Configure SMTP in the Semaphore environment:
environment:
SEMAPHORE_TELEGRAM_ALERT: "true"
SEMAPHORE_TELEGRAM_CHAT: "your-chat-id"
SEMAPHORE_TELEGRAM_TOKEN: "your-bot-token"
Semaphore vs Alternatives
| Feature | Semaphore | AWX/Tower | Rundeck | Jenkins |
|---|---|---|---|---|
| Ansible-native | ✅ | ✅ | ⚠️ Plugin | ⚠️ Plugin |
| Resource usage | ~50MB RAM | 4GB+ RAM | 1GB+ RAM | 1GB+ RAM |
| Setup complexity | Easy | Complex | Medium | Complex |
| Web UI | ✅ Clean | ✅ Enterprise | ✅ | ✅ |
| Scheduling | ✅ | ✅ | ✅ | ✅ |
| Free/OSS | ✅ | ⚠️ OSS version | ⚠️ OSS version | ✅ |
| Runs on Pi | ✅ | ❌ | ⚠️ | ❌ |
Semaphore wins for homelab use. AWX (the open-source Ansible Tower) is overkill for personal servers — it needs 4GB+ RAM just to start.
Troubleshooting
Playbook fails with “permission denied”:
Make sure your SSH key in the Key Store matches the key authorized on the target server. Check ansible_user in your inventory.
Can’t connect to target server:
Test SSH manually first: ssh -i /path/to/key user@server. If that works, verify the key is correctly imported in Semaphore’s Key Store.
Slow playbook execution:
Add pipelining = True to your ansible.cfg, and enable SSH multiplexing. For large inventories, increase forks.
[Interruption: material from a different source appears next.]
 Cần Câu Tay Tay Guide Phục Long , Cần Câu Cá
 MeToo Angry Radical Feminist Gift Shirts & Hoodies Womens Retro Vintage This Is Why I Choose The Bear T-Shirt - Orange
BoltDB errors after crash:
Stop Semaphore, back up ./data/database.boltdb, and restart. BoltDB occasionally needs recovery after unclean shutdowns.
Security Considerations
- Bind to
127.0.0.1and use a reverse proxy with HTTPS - Use strong admin passwords and the encryption key
- Store SSH keys with passphrases when possible
- Limit Semaphore’s SSH key to only the servers it needs to manage
- Review our Docker security guide for container hardening
Conclusion
Semaphore turns Ansible from a power-user CLI tool into something anyone can use. Schedule your updates, automate your Docker stacks, and verify your backups — all from a browser.
The best part? Once you set it up, your homelab maintains itself. You just check the dashboard occasionally to make sure everything’s green.